Data Integrity Underpins Your Calculations
Customers and consumers make important decisions based on quoted failure rates. Reliability calculations and failure rate analysis are dependent upon conducting the right tests across a suitable sample size and measuring and capturing the right data.
Accelerated Testing Needs Confidence in Correlation
Often, the time to failure can be many thousands of hours, or millions of actuation cycles, which is both costly and time-consuming to replicate. Accelerated testing, where the test parameters are deliberately made more severe, is one way to reduce the burden of cost and time. However, this requires confidence in the correlation to real-world customer usage and duty cycles.
Other Useful Tools and Concepts
We’ve talked a fair bit about reliability today. However, if you want to see how quality shapes customer expectations, I recommend reading up on House of Quality. This approach is a time-consuming and costly endeavor but yields fantastic results when you get it up and running.
Further, you might want to understand the rate of defects when production is underway.

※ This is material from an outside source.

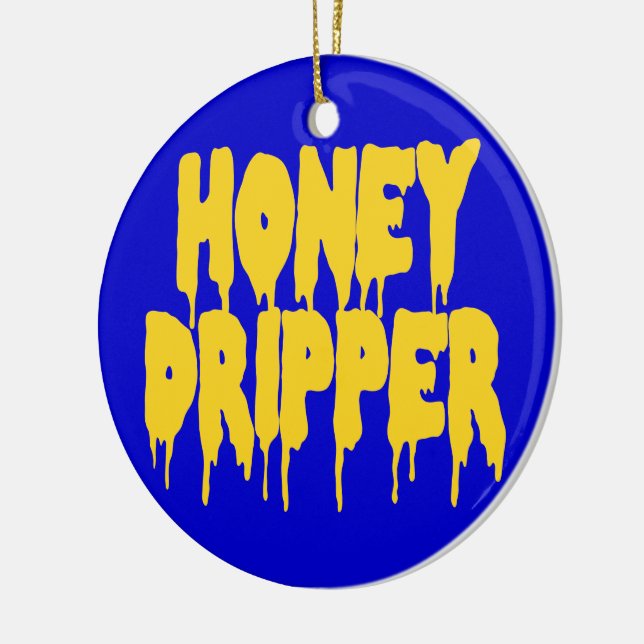 Honey Dripper Ceramic Ornament (Left)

Being able to calculate DPMO, or defects per million opportunities is a life-saver. This calculation is one of the cornerstones of Six Sigma and is a must-know for anyone doing analysis.
A Final Thought to Consider
Reliability analysis and determination of metrics such as B10 life can be the key differentiator when customers are making investment decisions. However, taking the time to understand and calculate this metric can bring the competitive advantage you need to secure the deal.